- Interactive map of Redfield, Texas
- Coordinates: 31°40′52″N 94°39′46″W﻿ / ﻿31.68111°N 94.66278°W
- Country: United States
- State: Texas
- County: Nacogdoches

Area
- • Total: 1.7 sq mi (4.4 km^{2})
- • Land: 1.7 sq mi (4.4 km^{2})
- • Water: 0 sq mi (0.0 km^{2})
- Elevation: 489 ft (149 m)

Population (2010)
- • Total: 441
- • Density: 260/sq mi (100/km^{2})
- Time zone: UTC-6 (Central (CST))
- • Summer (DST): UTC-5 (CDT)
- Zip Code: 75965, 75964
- GNIS feature ID: 2586977

= Redfield, Texas =

Census-designated place in Nacogdoches County, Texas, United States

Redfield is a census-designated place (CDP) in Nacogdoches County, Texas, United States. This was a new CDP for the 2010 census.

As of the 2020 census, Redfield had a population of 392.
==Geography==
The CDP has a total area of 1.7 sqmi, all land.

==Demographics==

Redfield first appeared as a census designated place in the 2010 U.S. census.

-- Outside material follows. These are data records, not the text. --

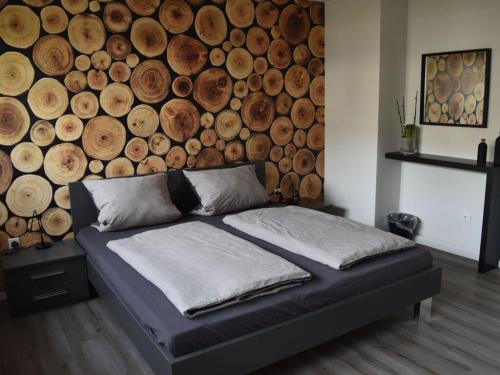a bed in a room with a wall of logs at Nice apartment in Neuenkirchen in Neuenkirchen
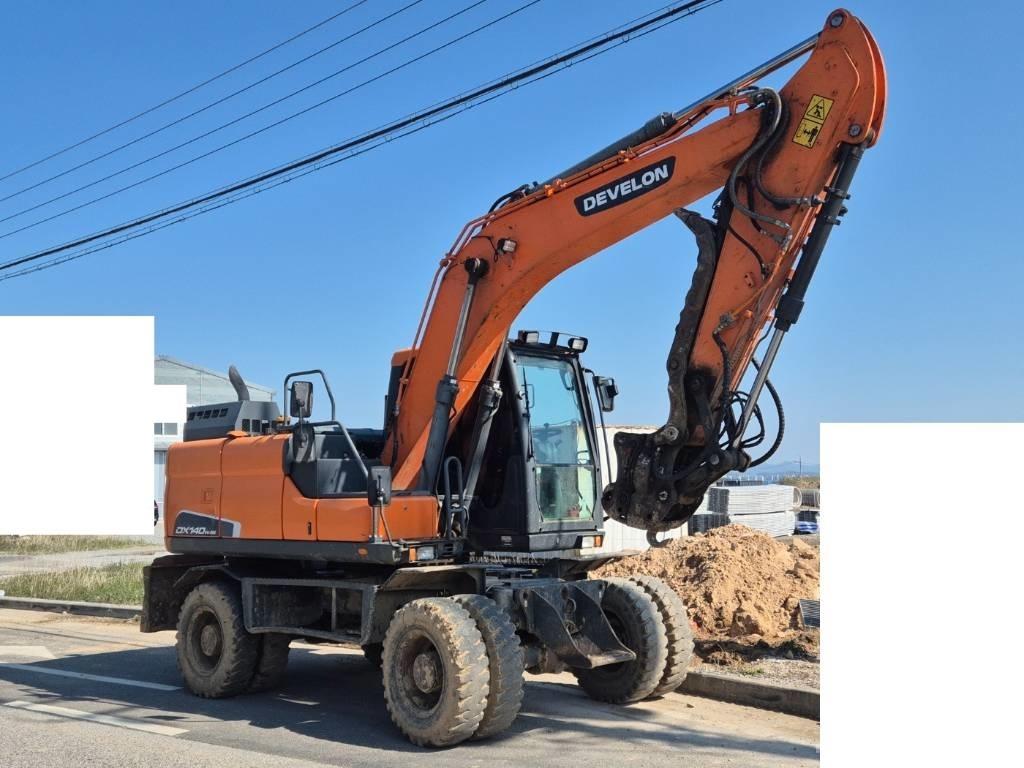 Doosan DX 140 W-5 حفارات بعجل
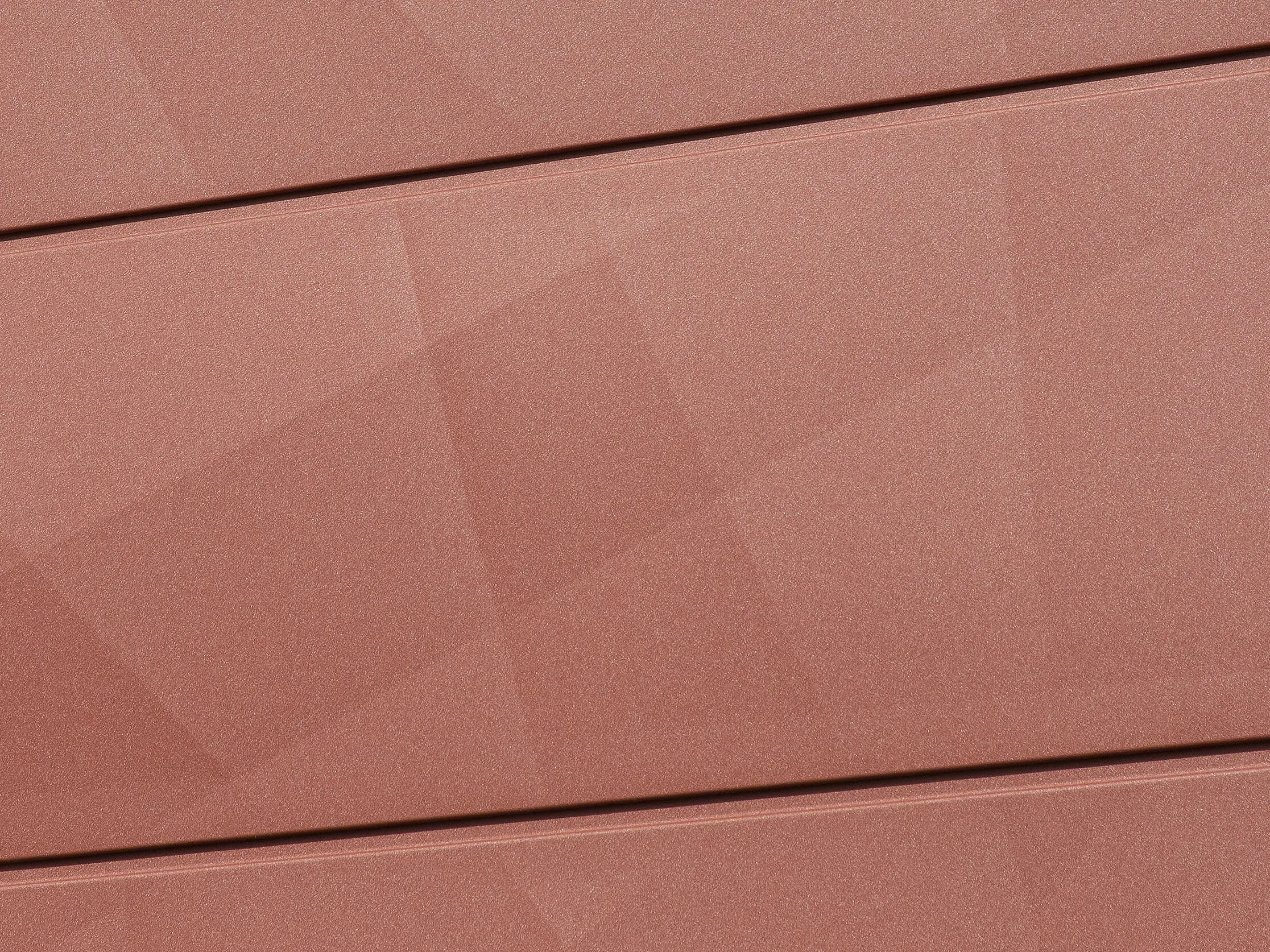 Detailaufnahme der PREFA Fassadenpaneele FX.12 in Oxydrot: Die prägnante Kantung erzeugt eine spannende geometrische Struktur, die das Licht je nach Tageszeit anders reflektiert. Die hochwertige Pulverbeschichtung in P.10 Qualität sorgt für dauerhafte Farbbrillanz und höchste Widerstandsfähigkeit – ideal für langlebige, wartungsfreie Fassadensanierungen.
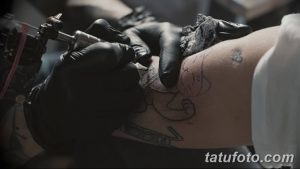 Фото тату: мастер переносит эскиз татуировки на кожу клиента. Видна рука мастера с тату-машинкой и контур рисунка на руке.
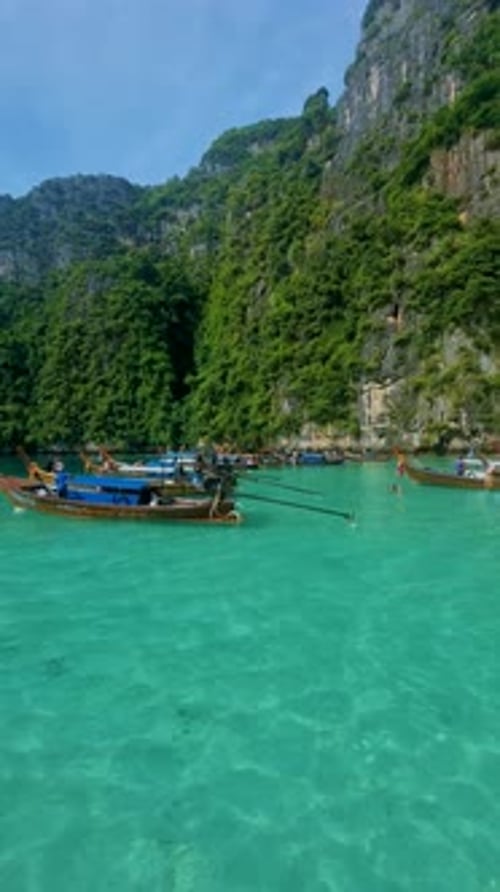 Longtail Boats at Pileh Lagoon Koh Phi Phi Maya Bay Thailand the Turquoise Colored Ocean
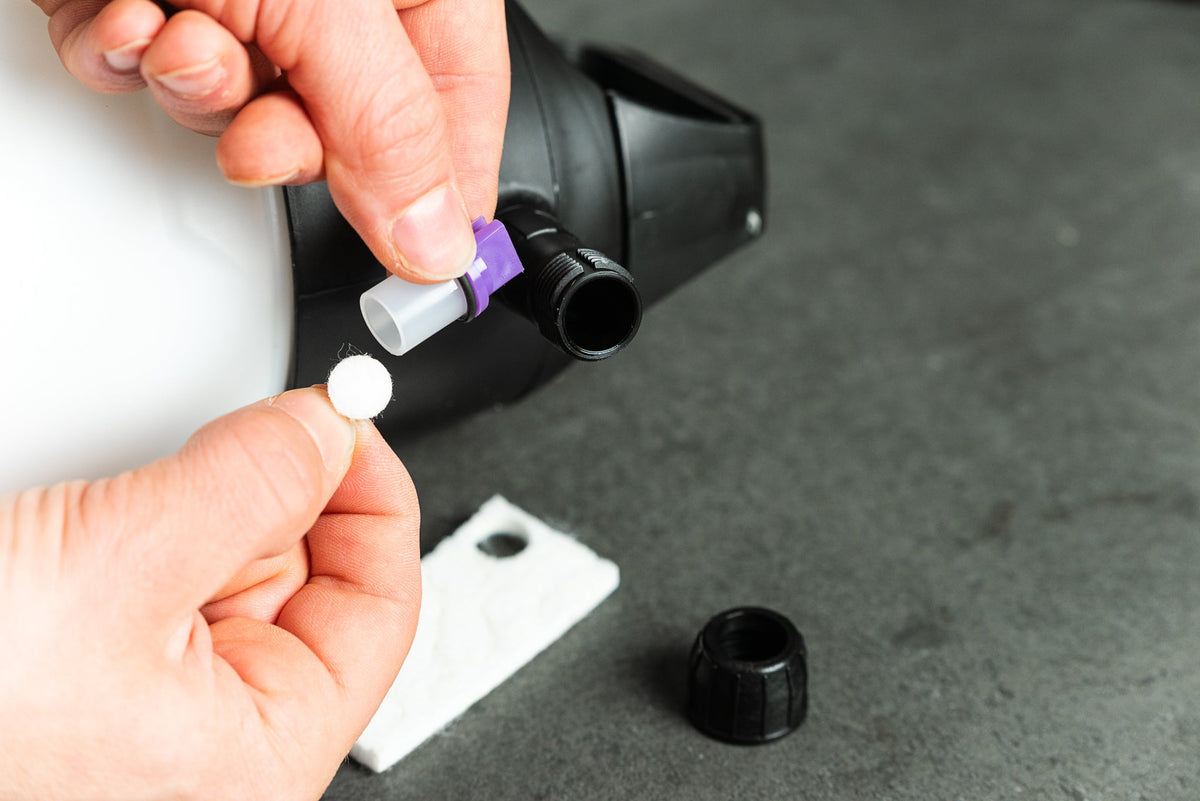 Hände, die einen kleinen runden Filter in die Düsenbaugruppe eines IK FOAM Pro 2 – Pumpsprüher-Schaumspenders zur Fahrradreinigung einsetzen.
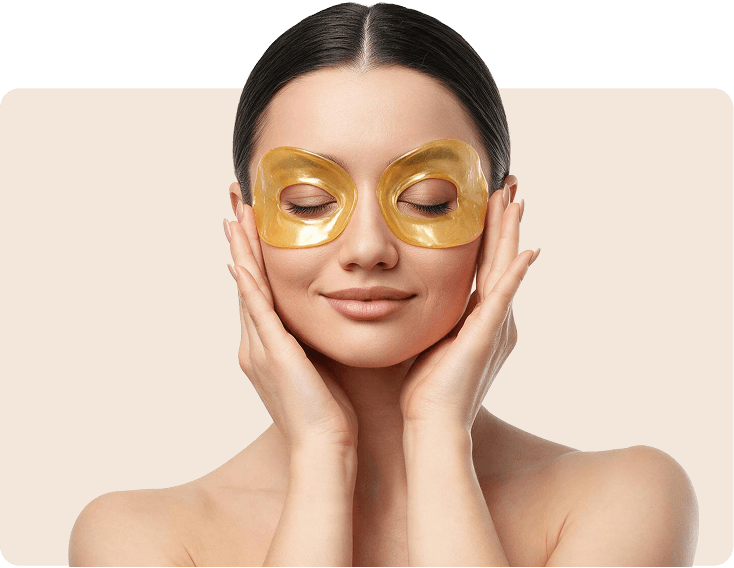 Model wearing a 24K gold eye mask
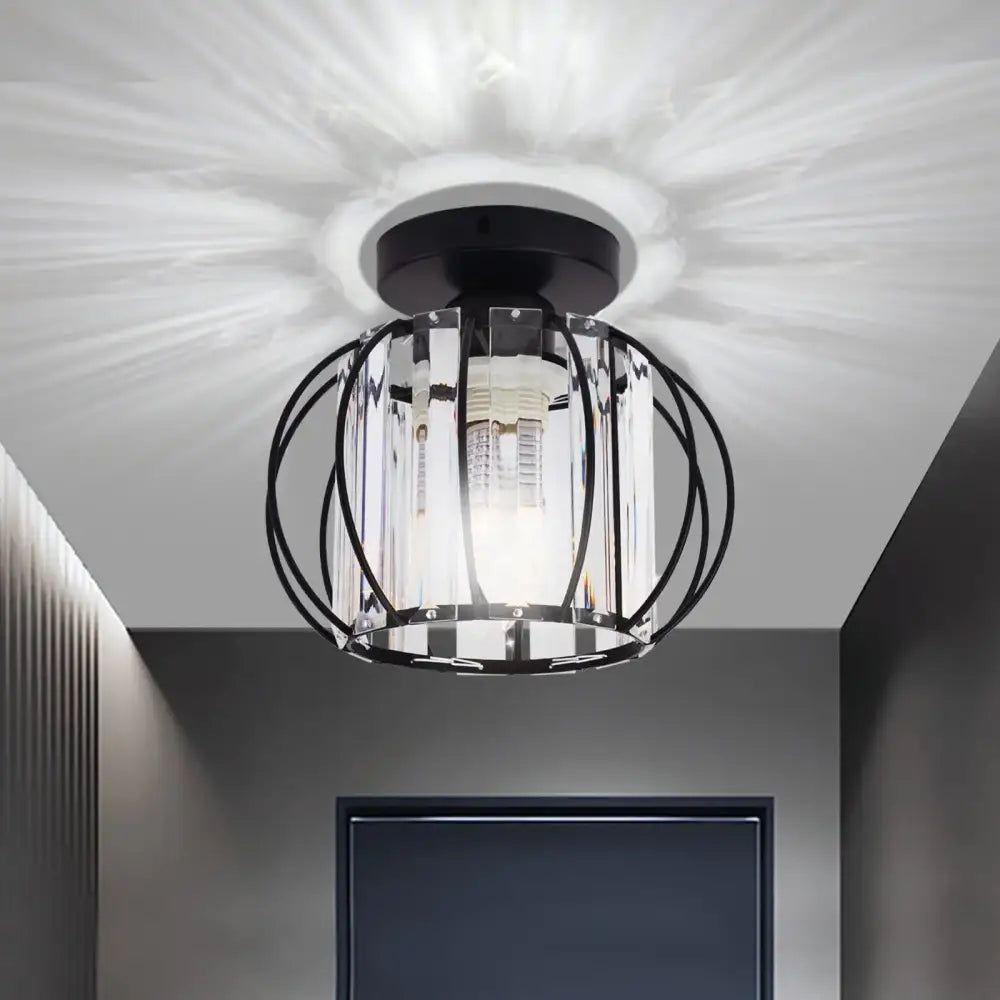 Black metal cage decorbites crystal ceiling light fixture with clear crystal accents and warm diffused glow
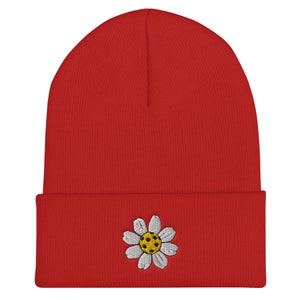 May include: Red beanie with a white daisy embroidered on the front. The daisy has a yellow center.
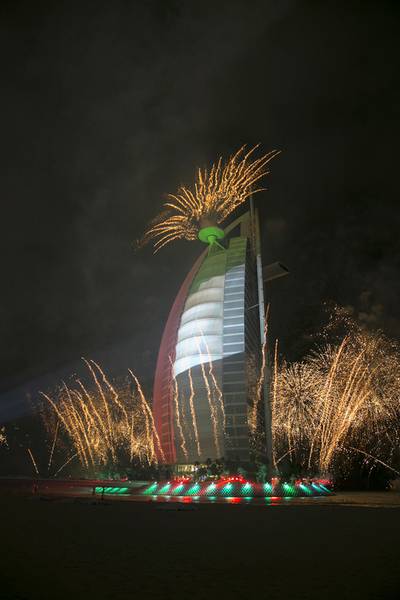 Burj al Arab, one of the iconic Dubai buildings, lights up in the light of fireworks and a light show. Silvia Razgova / The National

Redfield CDP, Texas – Racial and ethnic composition Note: the US Census treats Hispanic/Latino as an ethnic category. This table excludes Latinos from the racial categories and assigns them to a separate category. Hispanics/Latinos may be of any race.
| Race / Ethnicity (NH = Non-Hispanic) | Pop 2010 | Pop 2020 | % 2010 | % 2020 |
|---|---|---|---|---|
| White alone (NH) | 298 | 259 | 67.57% | 66.07% |
| Black or African American alone (NH) | 53 | 25 | 12.02% | 6.38% |
| Native American or Alaska Native alone (NH) | 0 | 2 | 0.00% | 0.51% |
| Asian alone (NH) | 0 | 1 | 0.00% | 0.26% |
| Native Hawaiian or Pacific Islander alone (NH) | 0 | 1 | 0.00% | 0.26% |
| Other race alone (NH) | 0 | 0 | 0.00% | 0.00% |
| Mixed race or Multiracial (NH) | 3 | 18 | 0.68% | 4.59% |
| Hispanic or Latino (any race) | 87 | 86 | 19.73% | 21.94% |
| Total | 441 | 392 | 100.00% | 100.00% |

Historical population
| Census | Pop. | Note | %± |
| 2010 | 441 |  | — |
| 2020 | 392 |  | −11.1% |
U.S. Decennial Census 1850–1900 1910 1920 1930 1940 1950 1960 1970 1980 1990 2000 2010 2020

==Education==
It is in the Nacogdoches Independent School District,

The zoned elementary school is Brooks-Quinn-Jones Elementary School. Secondary students in the district go to McMichael Middle School and Nacogdoches High School.